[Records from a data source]
┄┄┄┄┄┄┄┄┄┄┄┄┄┄┄┄┄┄┄┄

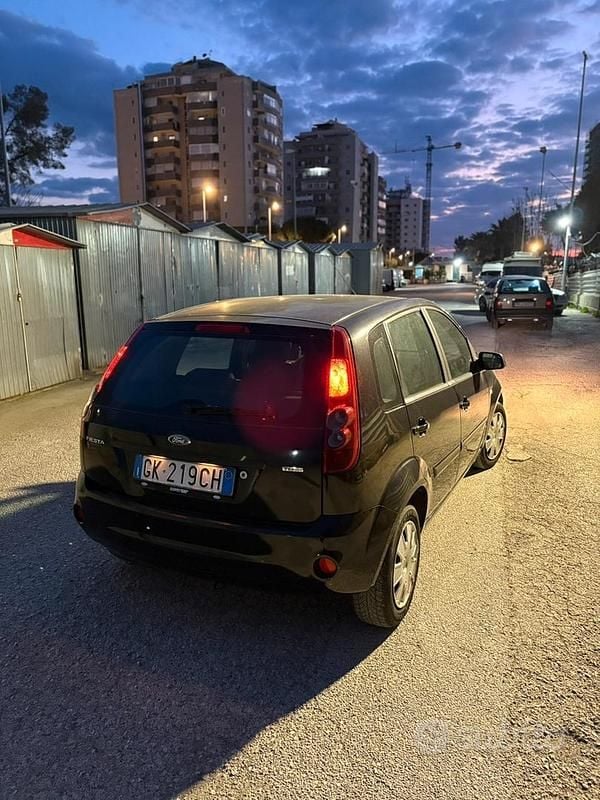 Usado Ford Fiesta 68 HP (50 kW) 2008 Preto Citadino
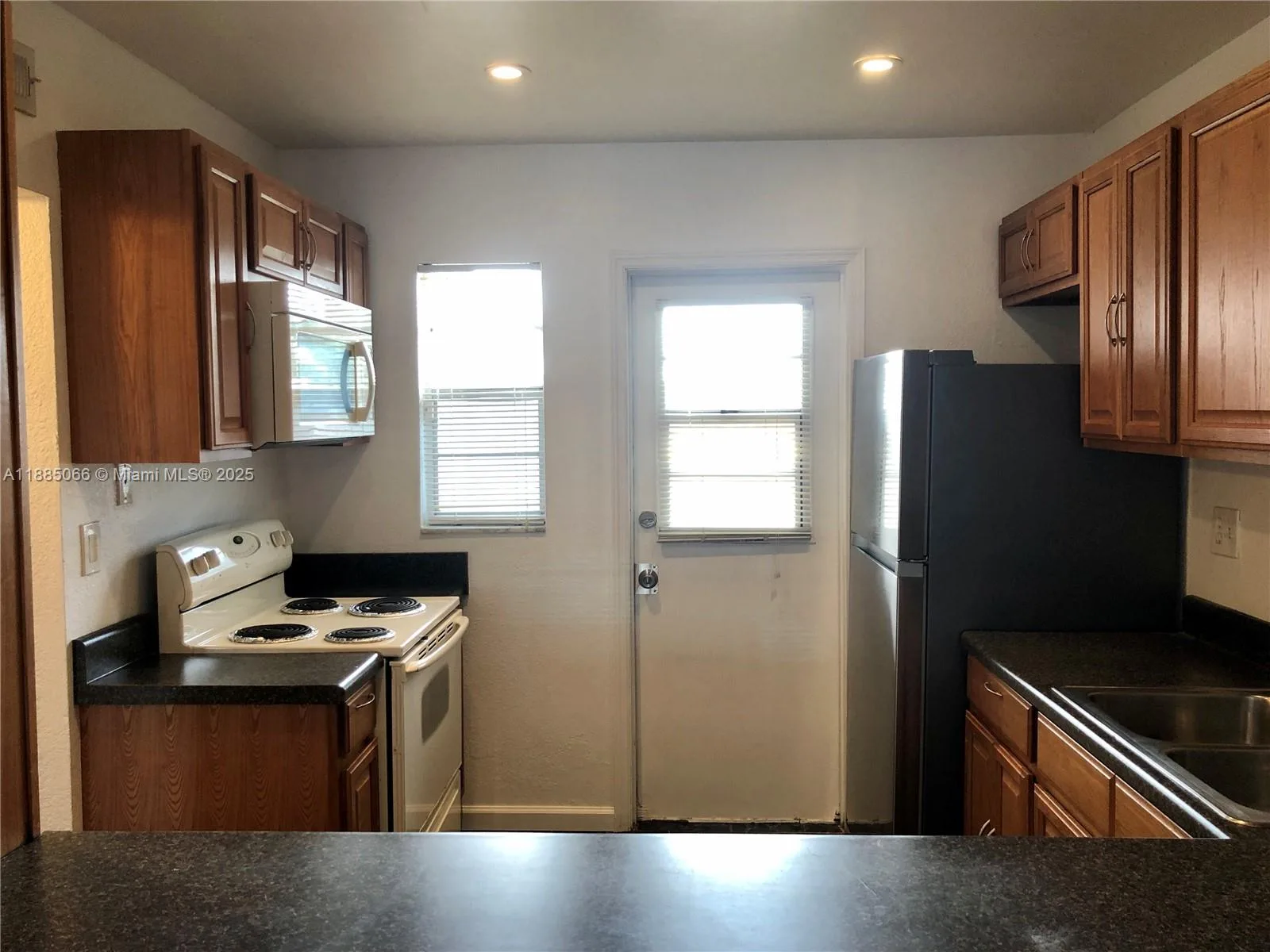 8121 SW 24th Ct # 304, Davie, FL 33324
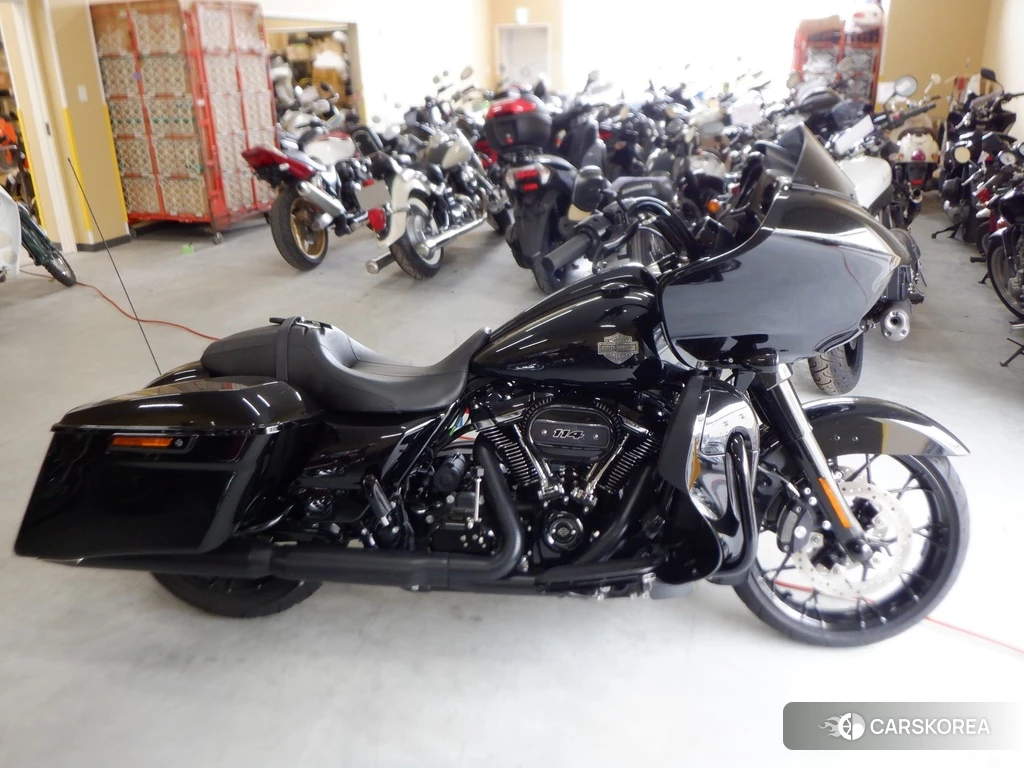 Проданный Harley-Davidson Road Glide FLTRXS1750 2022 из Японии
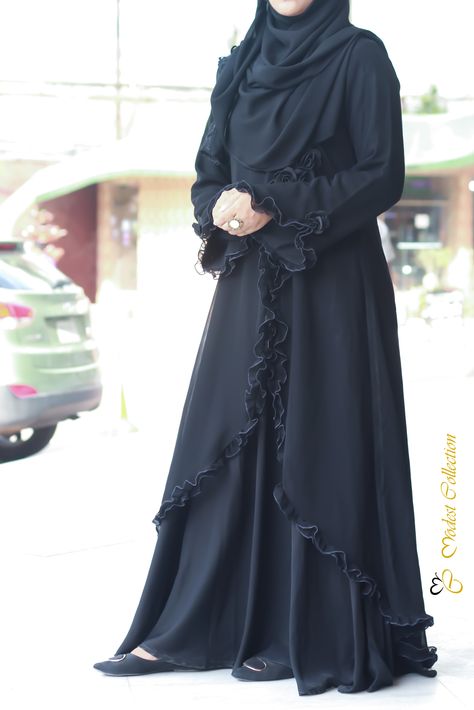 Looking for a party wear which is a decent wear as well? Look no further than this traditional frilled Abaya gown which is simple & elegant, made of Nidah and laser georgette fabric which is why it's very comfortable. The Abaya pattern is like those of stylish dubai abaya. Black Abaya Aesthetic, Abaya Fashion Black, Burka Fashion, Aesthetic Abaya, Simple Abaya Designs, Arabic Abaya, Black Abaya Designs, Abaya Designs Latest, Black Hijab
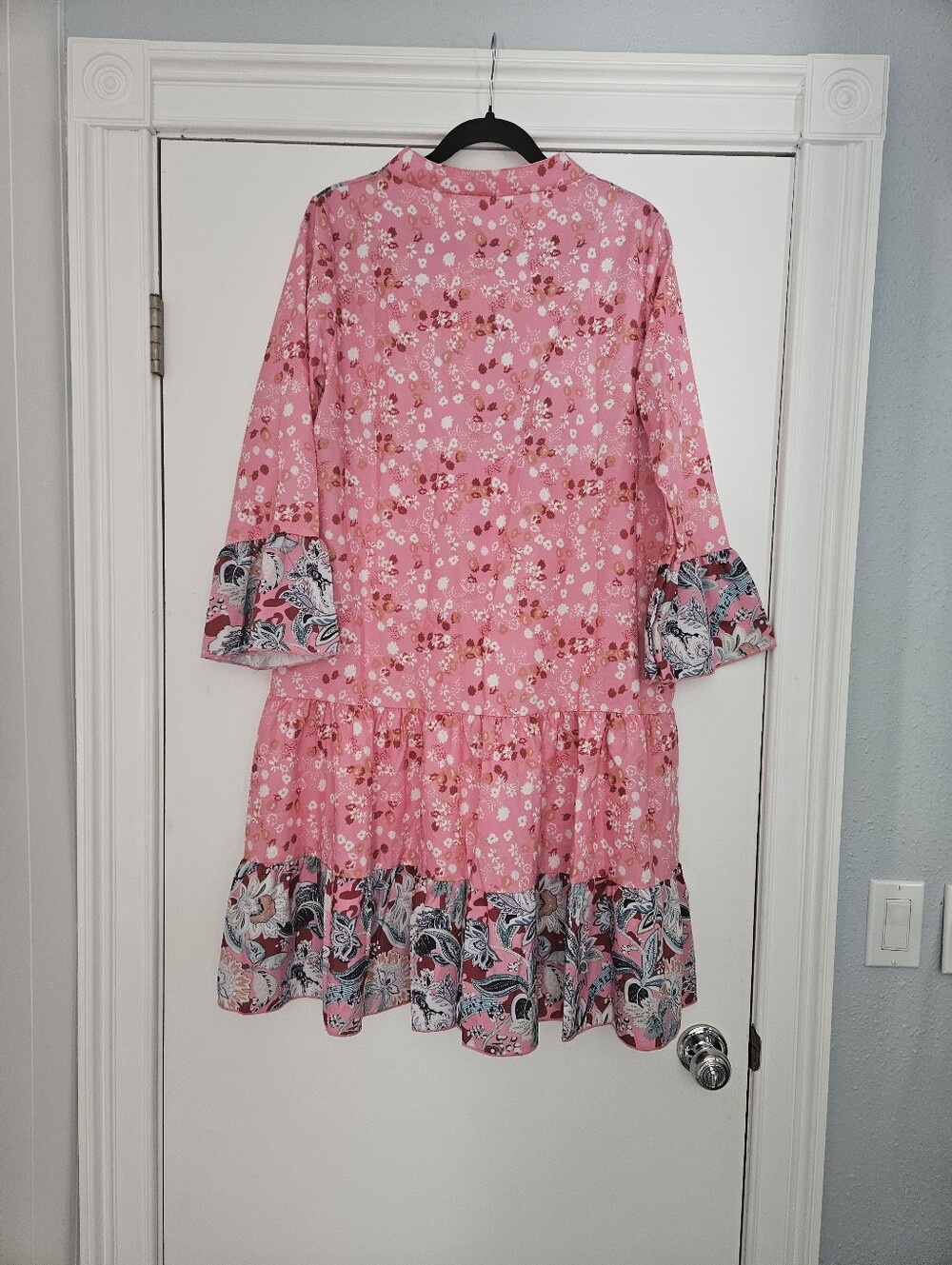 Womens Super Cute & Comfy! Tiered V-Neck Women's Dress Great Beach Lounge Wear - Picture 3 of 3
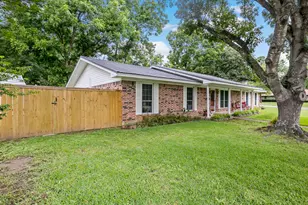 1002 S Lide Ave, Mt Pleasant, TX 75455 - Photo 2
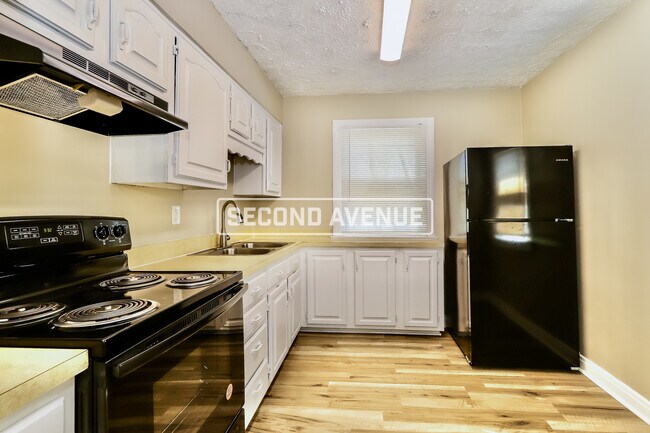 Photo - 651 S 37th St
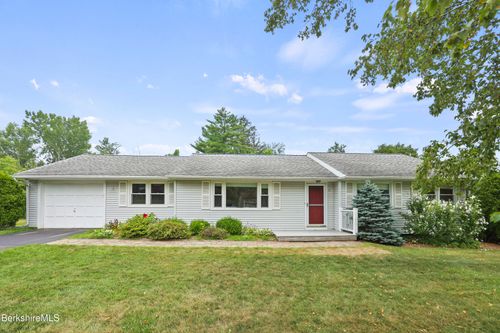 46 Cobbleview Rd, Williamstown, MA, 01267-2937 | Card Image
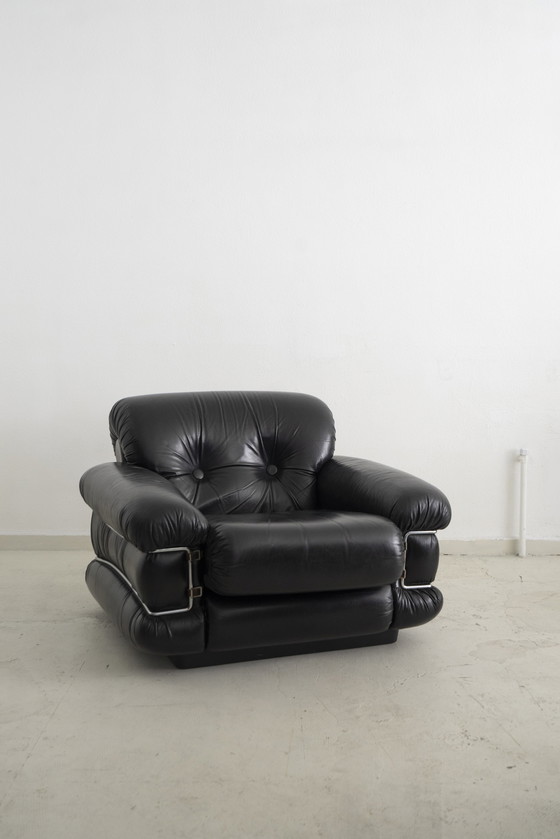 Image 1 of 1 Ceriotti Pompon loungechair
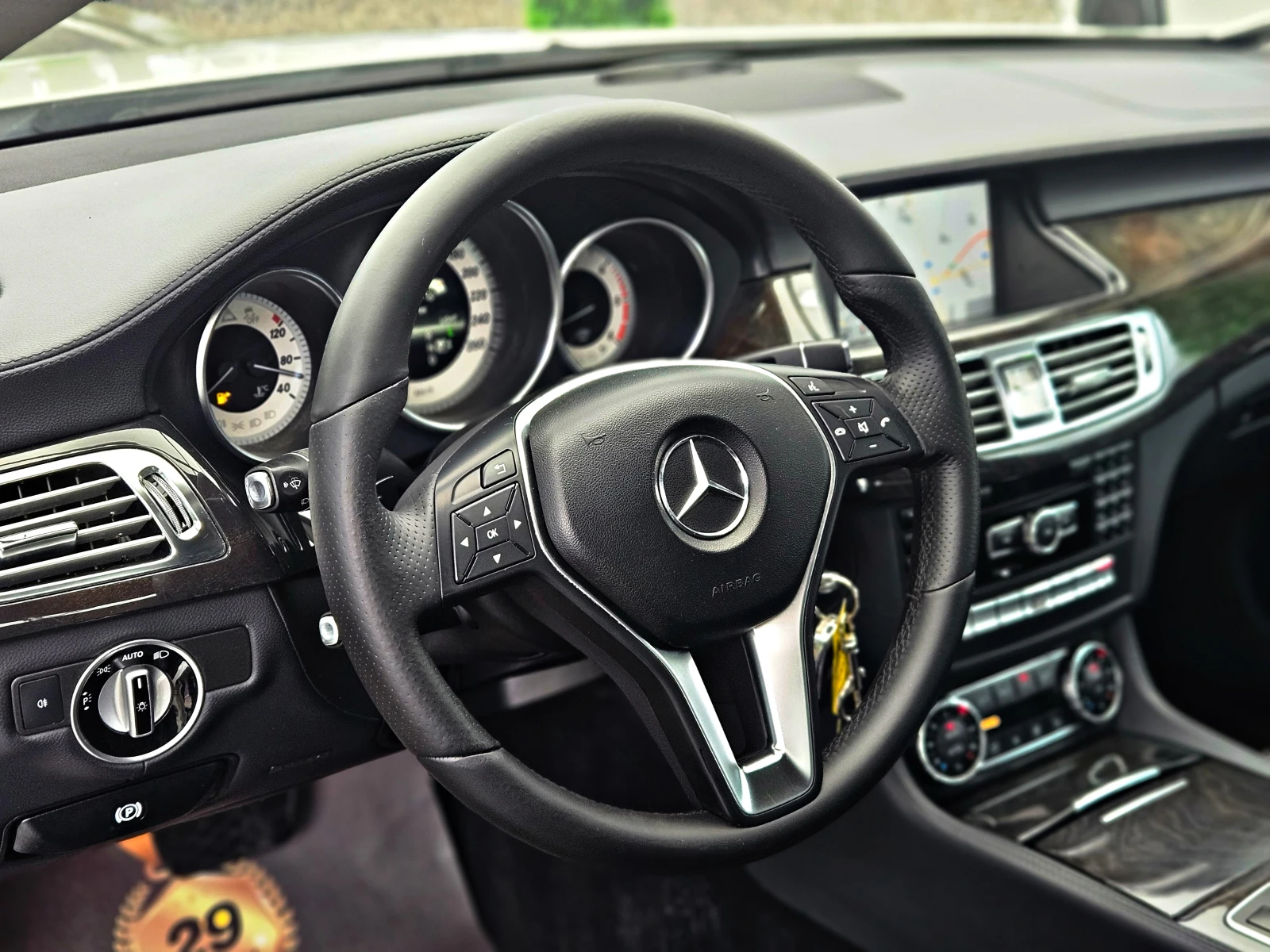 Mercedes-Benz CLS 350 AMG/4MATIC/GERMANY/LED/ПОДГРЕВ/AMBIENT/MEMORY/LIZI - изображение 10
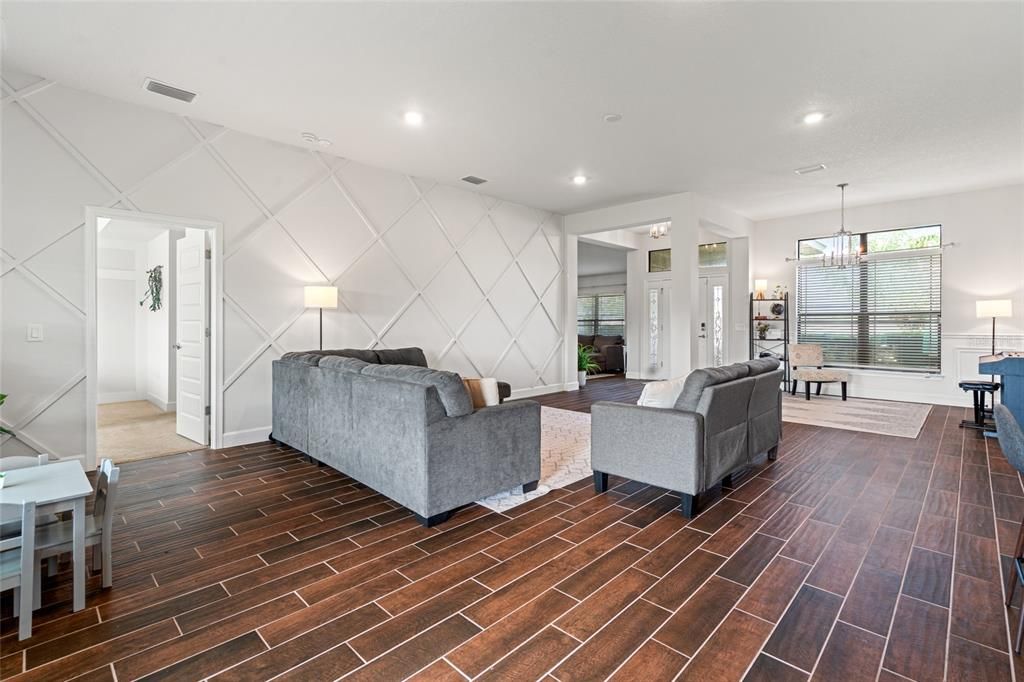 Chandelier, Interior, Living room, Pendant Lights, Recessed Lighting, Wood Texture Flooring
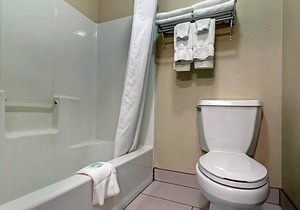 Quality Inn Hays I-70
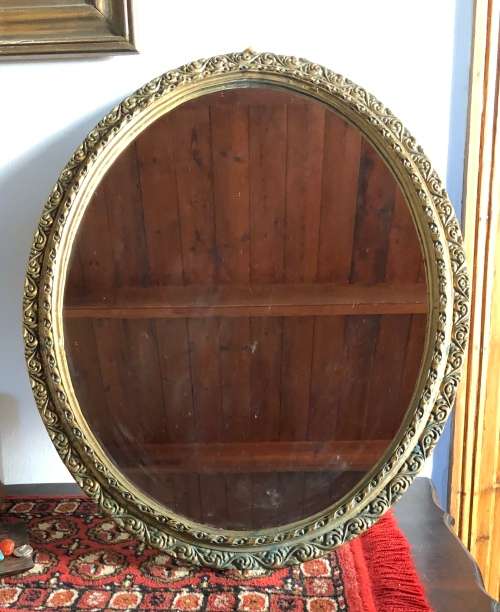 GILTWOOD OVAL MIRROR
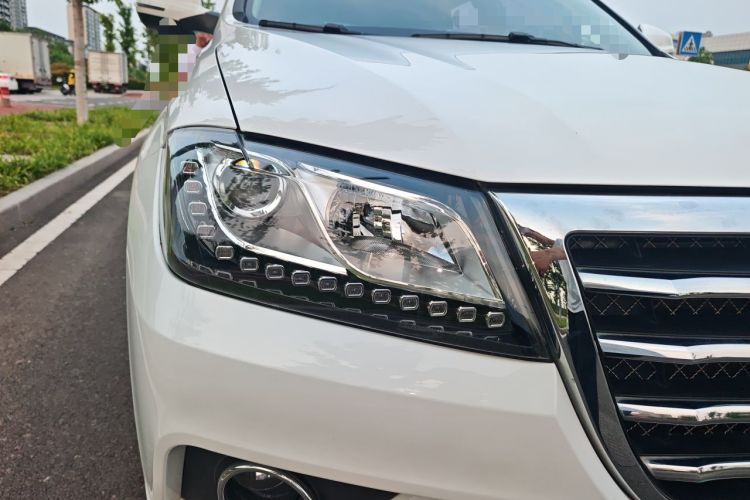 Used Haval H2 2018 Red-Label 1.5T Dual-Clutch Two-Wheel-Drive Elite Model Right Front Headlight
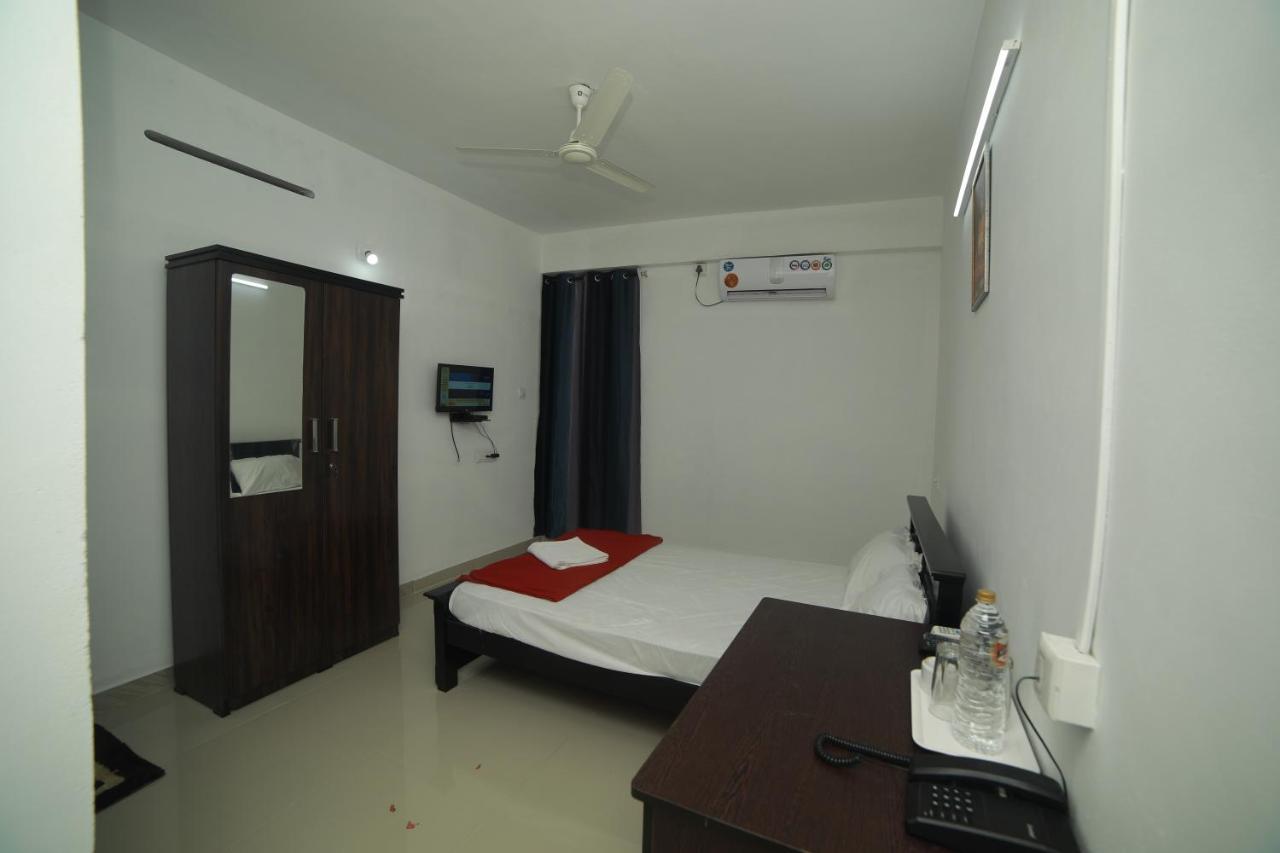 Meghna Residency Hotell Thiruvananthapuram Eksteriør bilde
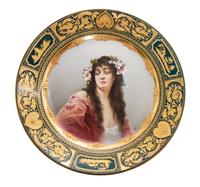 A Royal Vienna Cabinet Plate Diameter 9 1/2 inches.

┄┄┄┄┄┄┄┄┄┄┄┄┄┄┄┄┄┄┄┄

Take the line with "Chandelier, Interior, Living" as the first line and the last line of the records above as the final one; reproduce exactly the lines between them, both included, without pictures.

 Chandelier, Interior, Living room, Pendant Lights, Recessed Lighting, Wood Texture Flooring
 Quality Inn Hays I-70
 GILTWOOD OVAL MIRROR
 Used Haval H2 2018 Red-Label 1.5T Dual-Clutch Two-Wheel-Drive Elite Model Right Front Headlight
 Meghna Residency Hotell Thiruvananthapuram Eksteriør bilde
 A Royal Vienna Cabinet Plate Diameter 9 1/2 inches.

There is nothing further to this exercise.